Exercise objective:
Look below for the line that contains "Toulouse rejyon kat jeyografik" and the line that contains "ELPA エルパ LEDナツメ形E12", then restate both of them and every line in between, exactly. No picture goes in the copy.
[Start of section]
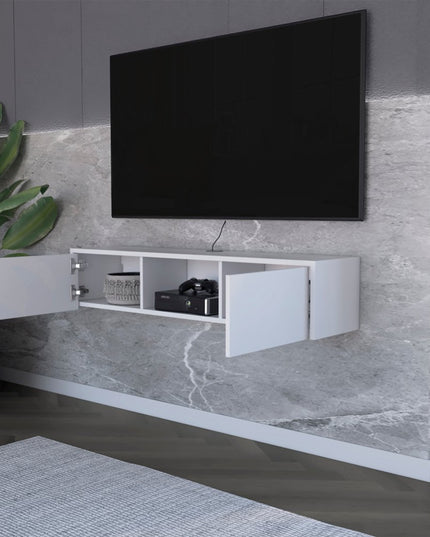 49" White Floating Mount TV Stand
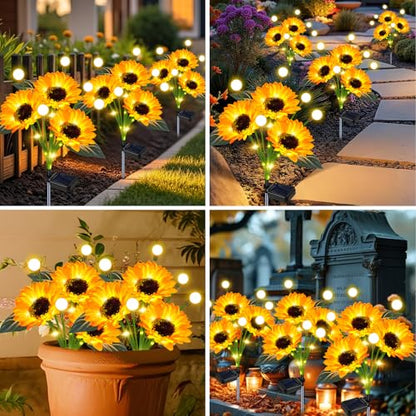 Solar Lights Outdoor Garden Decor,4 Pack Sunflower with Firefly Lights,Solar Flowers Lights Waterproof,Birthday Gifts for Mom Women Grandma,Outside Decorative Garden Stakes for Yard Patio Porch Lawn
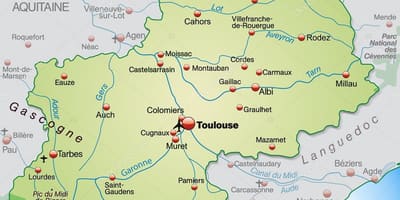 Toulouse rejyon kat jeyografik
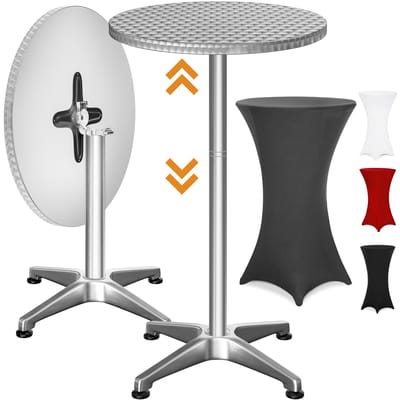 Casaria Statafel met Tafelrok – Klapbaar en Verstelbaar 70-115cm – Antraciet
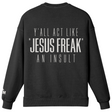Black sweatshirt with white text on a white background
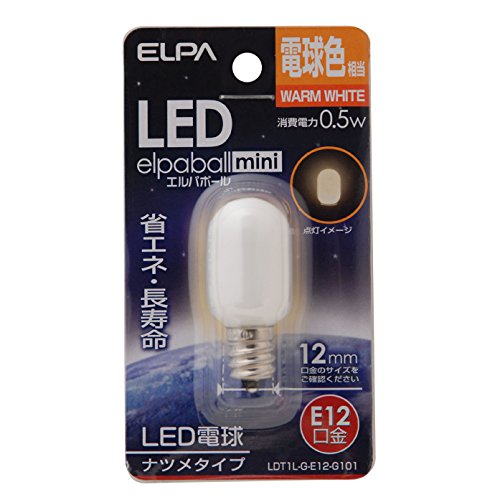 ELPA エルパ LEDナツメ形E12 電球色 屋内用 省エネタイプ LDT1L-G-E12-G101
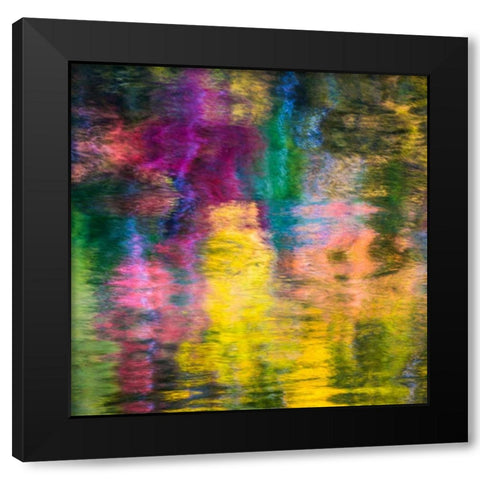 Colorful Reflections III Black Modern Wood Framed Art Print with Double Matting by Mahan, Kathy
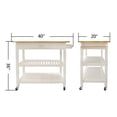 thumbnail image 2 of Visentor Kitchen Island Cart with Wheels, 3 Tier Rolling Utility Kitchen Cart with 1 Drawer, 2 Shelves & Towel Rack, 40 Inch, White, 2 of 8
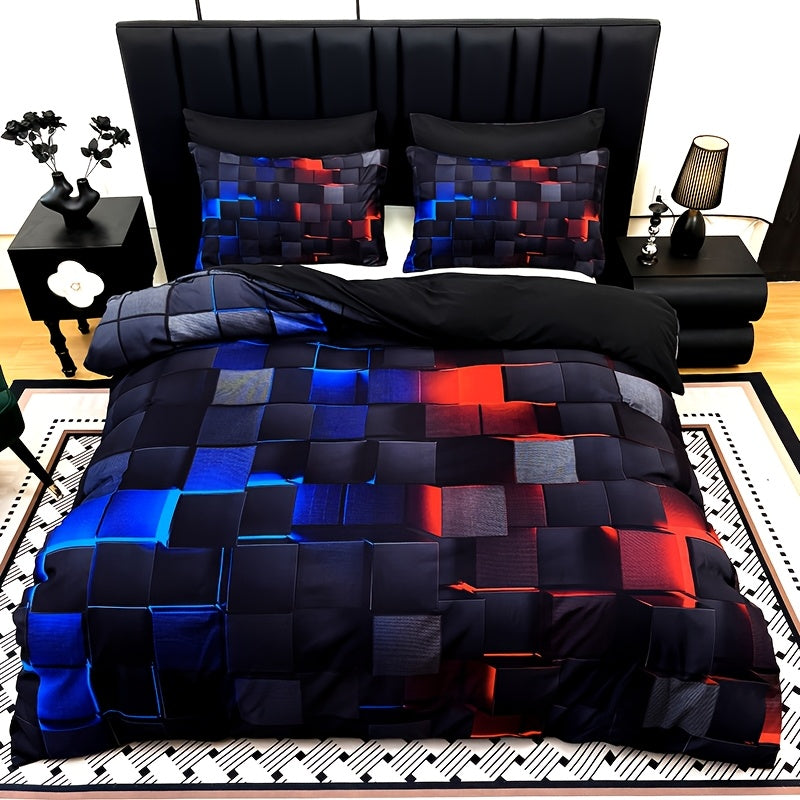 Duvet Cover Set 3 Piece Plaid Digital Print Polyester Bedding All Season Twin Full Queen King Size with Pillowcases Purple Blue Red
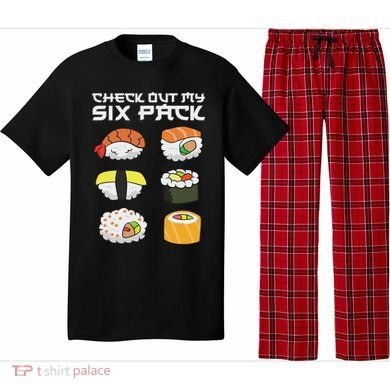 Check Out My Six Pack Funny Japanese Sushi Pajama Set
[End of section]
Solution to this exercise:
 Toulouse rejyon kat jeyografik
 Casaria Statafel met Tafelrok – Klapbaar en Verstelbaar 70-115cm – Antraciet
Black sweatshirt with white text on a white background
 ELPA エルパ LEDナツメ形E12 電球色 屋内用 省エネタイプ LDT1L-G-E12-G101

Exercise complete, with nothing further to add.